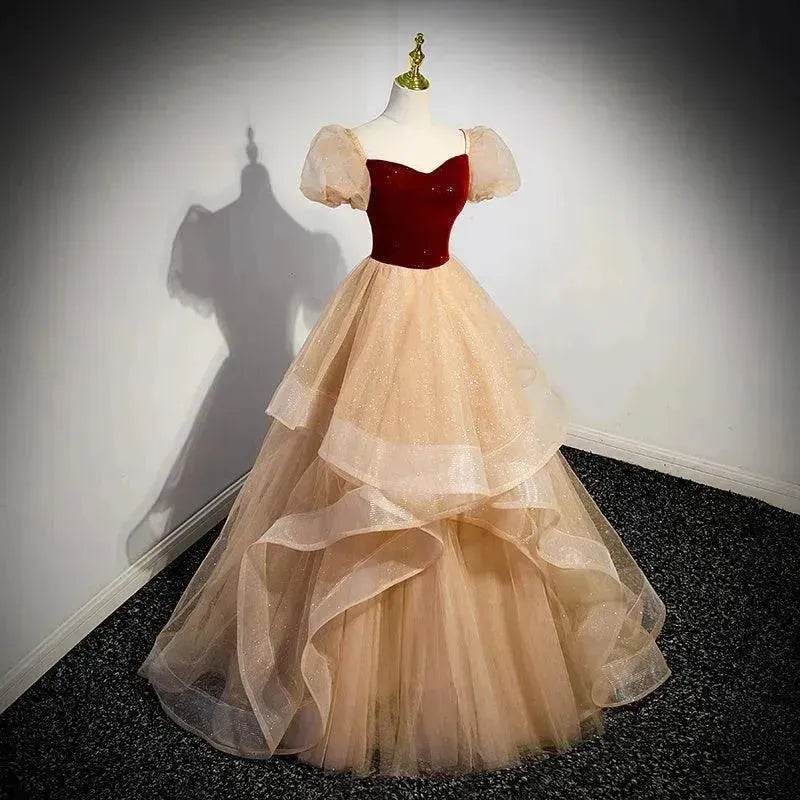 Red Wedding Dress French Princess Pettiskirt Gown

========================

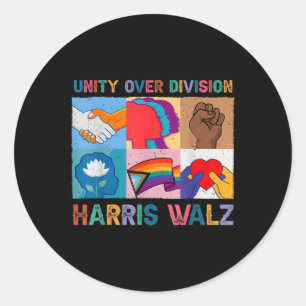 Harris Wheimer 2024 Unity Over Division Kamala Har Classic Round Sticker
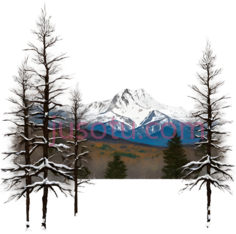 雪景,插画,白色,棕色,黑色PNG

========================

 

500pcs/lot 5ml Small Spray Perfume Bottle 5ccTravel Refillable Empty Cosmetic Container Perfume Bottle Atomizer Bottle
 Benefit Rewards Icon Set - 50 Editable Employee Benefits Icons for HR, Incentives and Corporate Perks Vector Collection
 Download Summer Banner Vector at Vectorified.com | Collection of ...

========================

» **WHAT YOU HAVE TO DO**
Take exactly the lines from the one containing "Benefit Rewards Icon" through the one containing "Download Summer Banner" in the data above, and output them with nothing added.

» **TASK OUTPUT**
 Benefit Rewards Icon Set - 50 Editable Employee Benefits Icons for HR, Incentives and Corporate Perks Vector Collection
 Download Summer Banner Vector at Vectorified.com | Collection of ...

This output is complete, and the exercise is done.